本申请提供的一种错误恢复的方法、装置和系统。本申请实施例处于锁步模式的至少两个CPU能够在至少一个CPU发生错误时退出锁步模式,并确定出发生错误的CPU以及错误的类型,基于此能够在错误可恢复的情况下,根据正确运行的CPU对发生错误的CPU进行恢复,进而有助于该至少两个CPU在业务程序被中断的地方重新运行,因此本申请实施例能够提高锁步系统的错误恢复能力,增加系统可靠性。

Description

错误恢复的方法和装置
本申请要求于2019年5月31日提交中国专利局、申请号为201910473113.6、申请名称为“错误恢复的方法和装置”的中国专利申请的优先权,其全部内容通过引用结合在本申请中。
技术领域
本申请涉及计算机领域,并且更具体的,涉及计算机领域中的错误恢复的方法和装置。
背景技术
自动驾驶等趋势使功能安全成为汽车行业的一项关键指标,越来越多的软硬件系统必须是安全的。

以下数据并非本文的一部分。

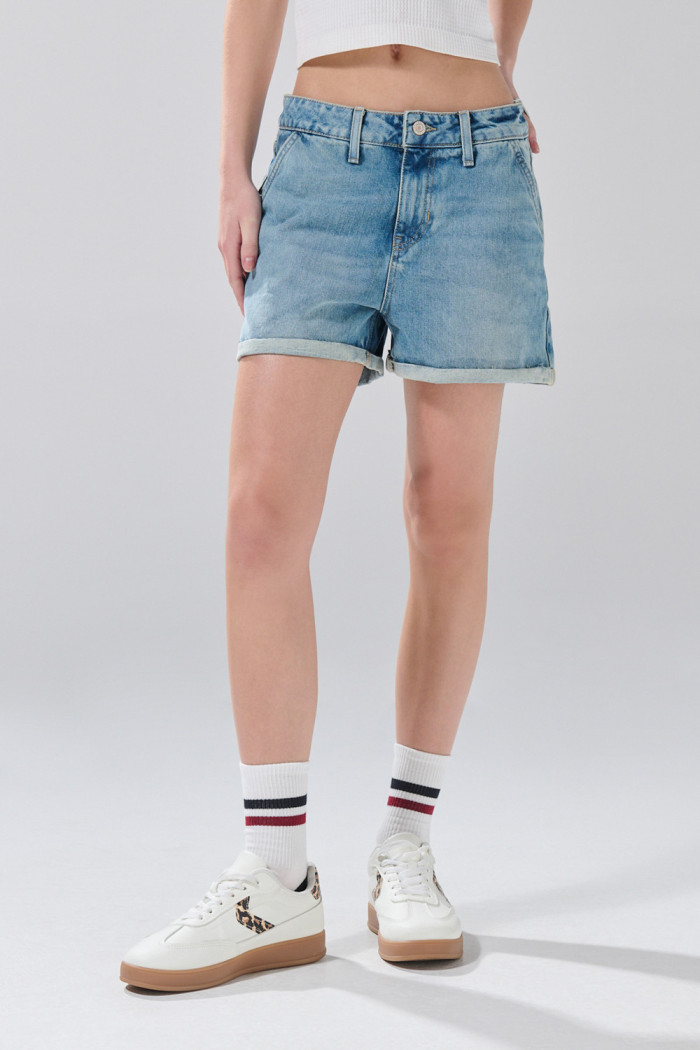 Short azul claro de jean con tiro alto y bolsillos rectos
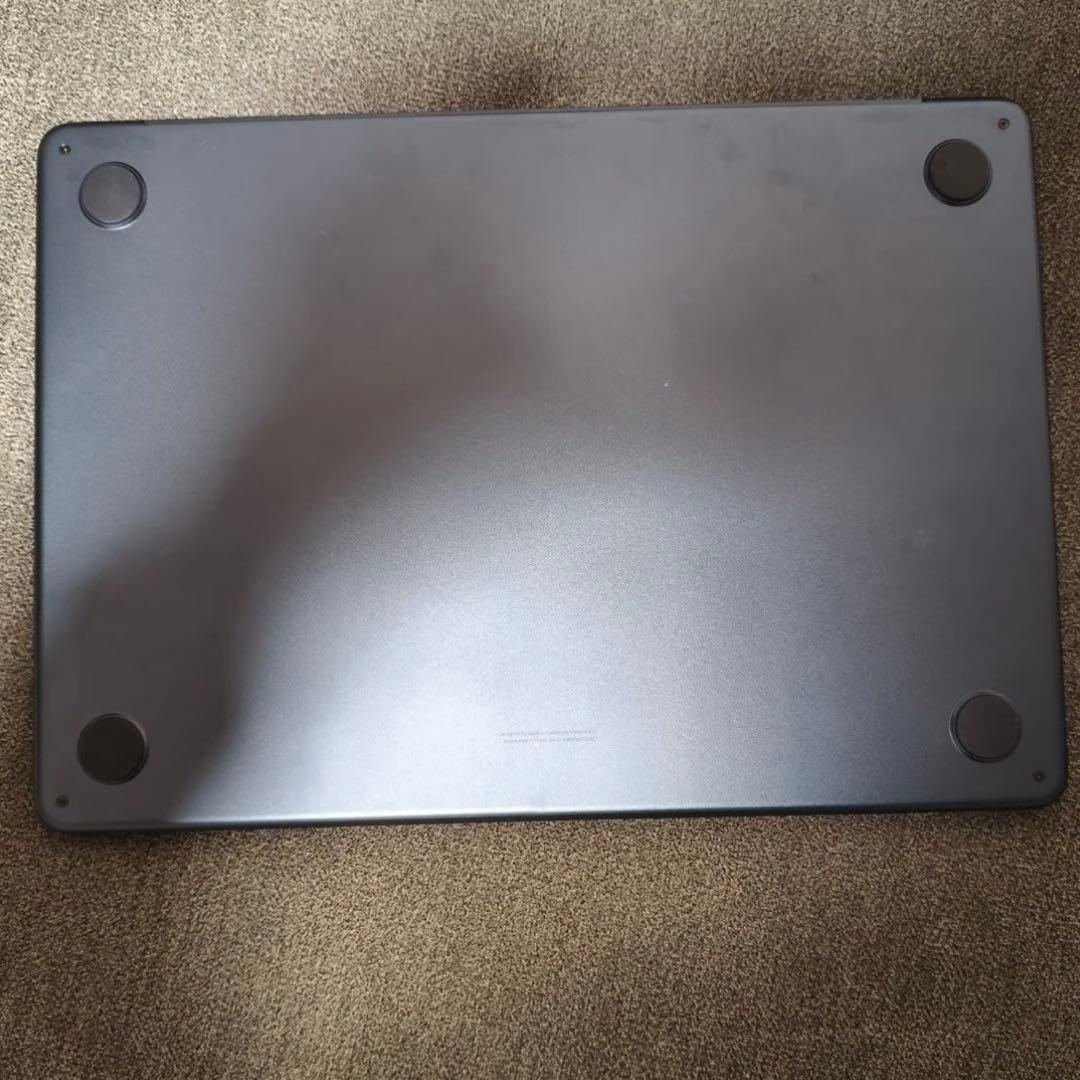 MacBook Air M4 16GB 256GB ミッドナイト 充電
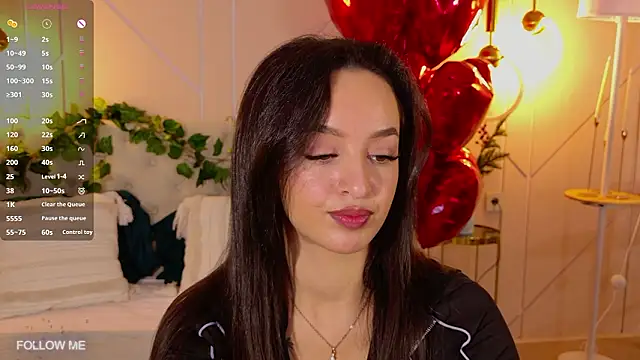 Lolly Neal online show from February 18, 4:43 am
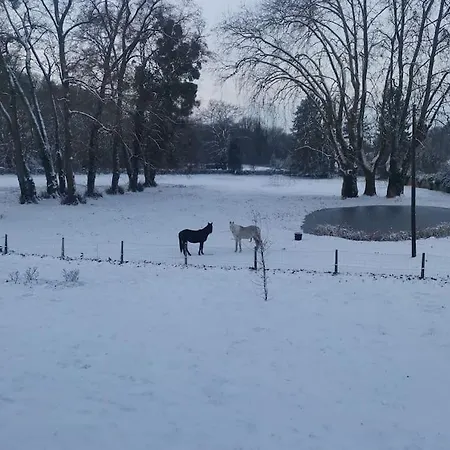 Le Val En Chene Casa de Férias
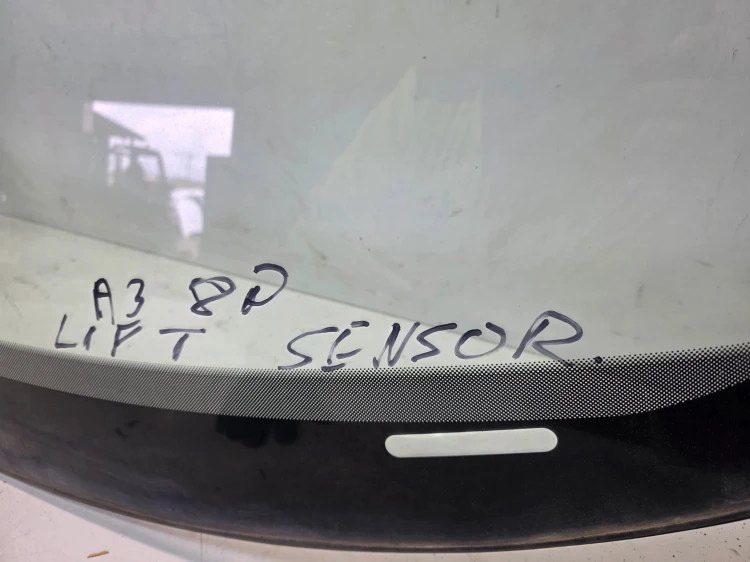 SZYBA PRZEDNIA CZOŁOWA AUDI A3 8P LIFT 2020 ROK POD SENSOR !!!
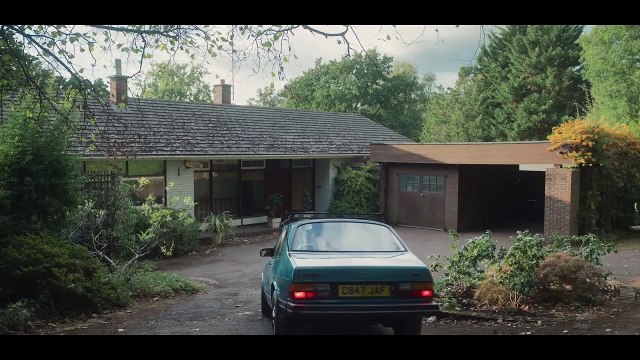 Une vie Bande-annonce (UK)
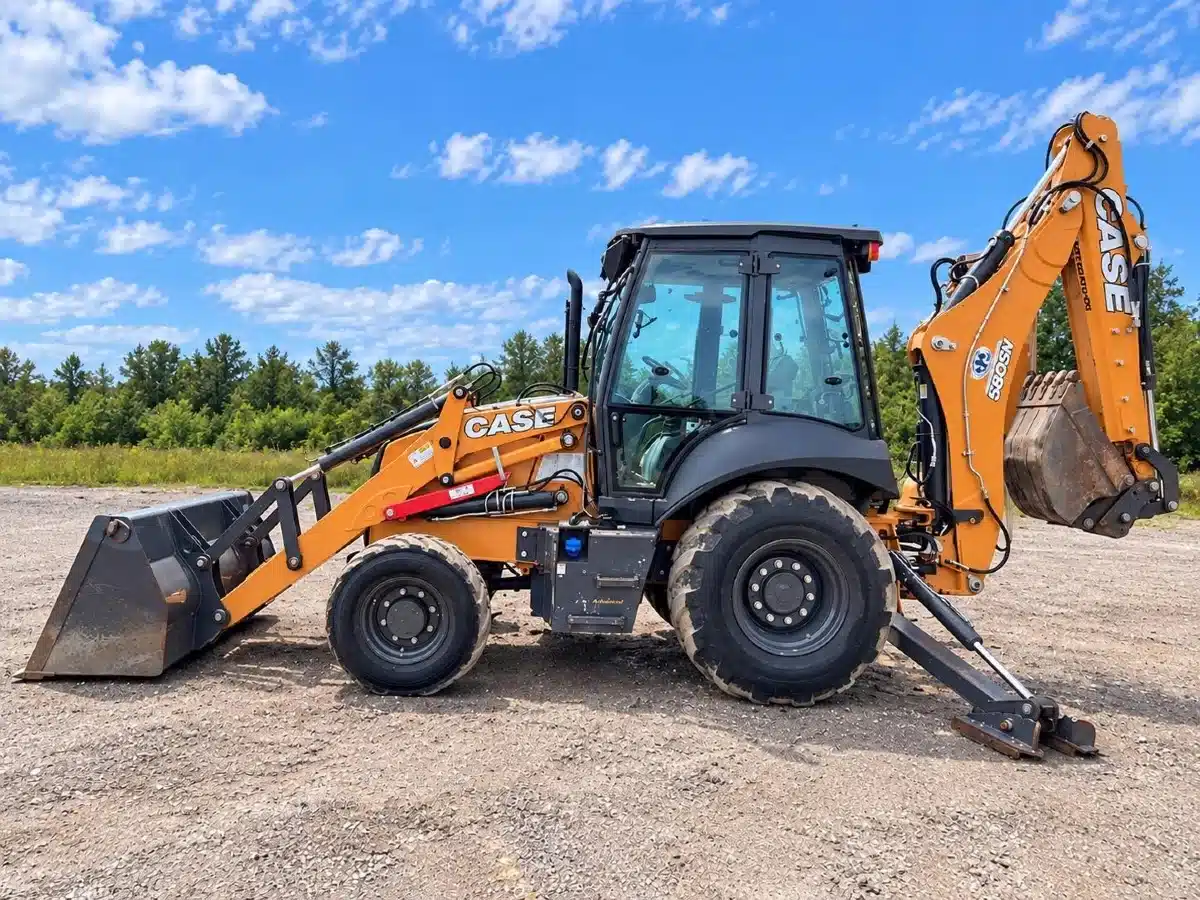 Gallery image 1 for 2023 Case 580SV Backhoe Loader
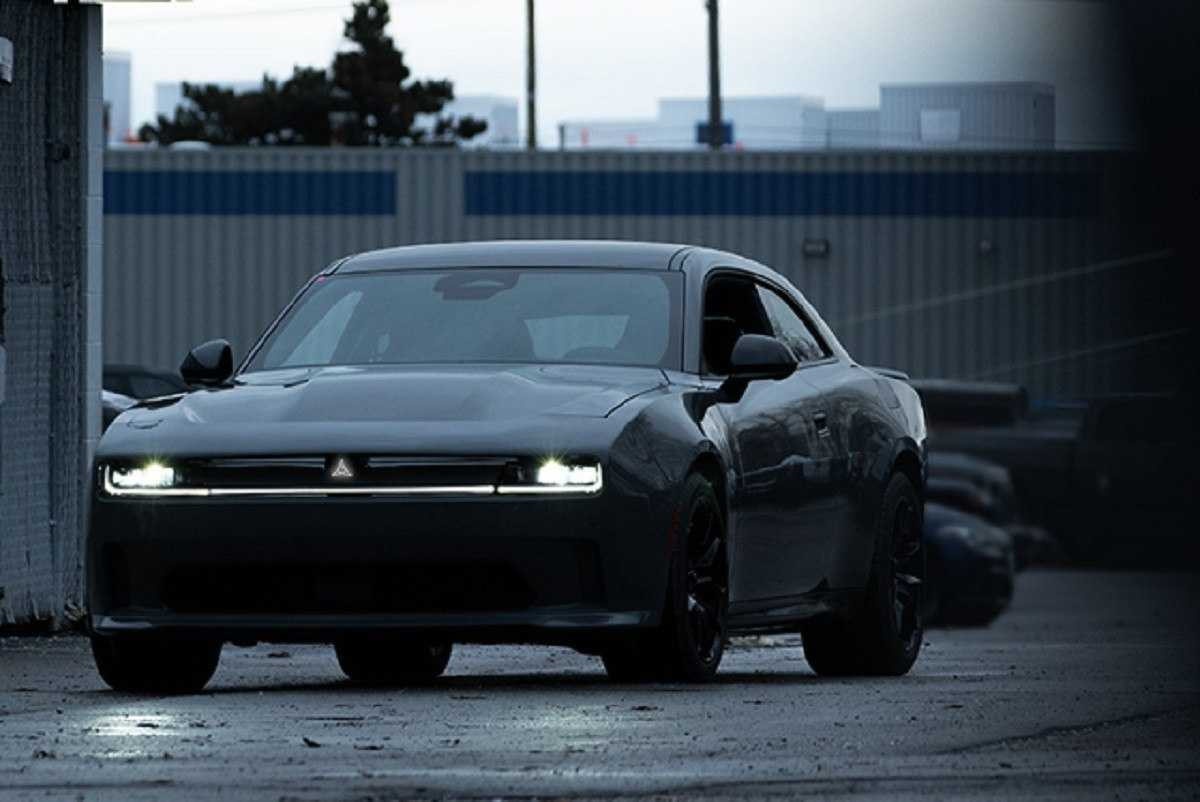 Dodge Charger voltará com visual agressivo e opção de motor a gasolina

这些安全系统必须可靠地运行以确保人身安全,即使在发生故障或事故的情况下也是如此。这就要求整体开发流程、硬件、软件、算法等多个层次进行安全冗余的考虑。当分区失效的时候,能够及时发现错误并进行恢复,而不影响其他的分区功能。
为了满足上述安全性的要求,锁步(lockstep)系统应运而生。锁步系统是采用锁步机制的容错计算机系统,通过并行同时运行同一组操作来实现安全冗余。在锁步系统中,两个独立的中央处理单元(Central Processing Unit,CPU)在相同的时钟周期内执行相同的指令。每个CPU自身加入了错误校验功能,例如纠错码(Error Correction Code,ECC)奇偶校验等,同时通过比较器对两个CPU的输出做比较。当比较结果有两位或者大于两位不一致时,且其中一个CPU校验出错,另一个CPU校验正常,这时候会禁止和解除Lockstep,从而让校验出错的CPU退出,校验正常的CPU正常工作。当比较结果仅有一位不一致且仅有一个CPU校验出错,则恢复到上一状态。当两个CPU校验都发生错误,或者两个CPU各自校验正常,但两个CPU的输出结果不一致,则两个CPU失步,系统停止。可以看出,现有的锁步系统中,比较结果仅有一位不一致且仅有一个CPU校验出错时,会将两个CPU修复到CPU当前运行状态的上一个保存状态重新运行,而如果发生了多位错误,不能修复错误,会退出锁步模式,业务被停止。因此,现有的锁步系统的错误恢复能力较弱,导致系统的可靠性难以满足安全业务的要求。
发明内容
本申请提供一种错误恢复的方法和装置,能够提高锁步(lockstep)系统的错误恢复能力,增加系统可靠性。
第一方面,提供了一种错误恢复的方法,包括:当处于锁步模式的至少两个中央处理单元CPU中的第一CPU发生错误时,接收中断;响应于该中断,所述至少两个CPU退出锁步模式;确定发生错误的所述第一CPU的错误类型;基于所述错误的类型为可恢复错误,根据所述至少两个CPU中正确运行的第二CPU在中断时的状态,对所述第一CPU进行错误恢复。因此,本申请实施例的方案,基于对锁步CPU错误类型的判断,在错误 类型为可恢复的情况下,能根据正确运行的CPU的状态对发生错误的CPU进行恢复,进而使得该至少两个CPU在业务程序被中断的地方重新运行,因此本申请实施例能够提高锁步(lockstep)系统的错误恢复能力,增加系统可靠性。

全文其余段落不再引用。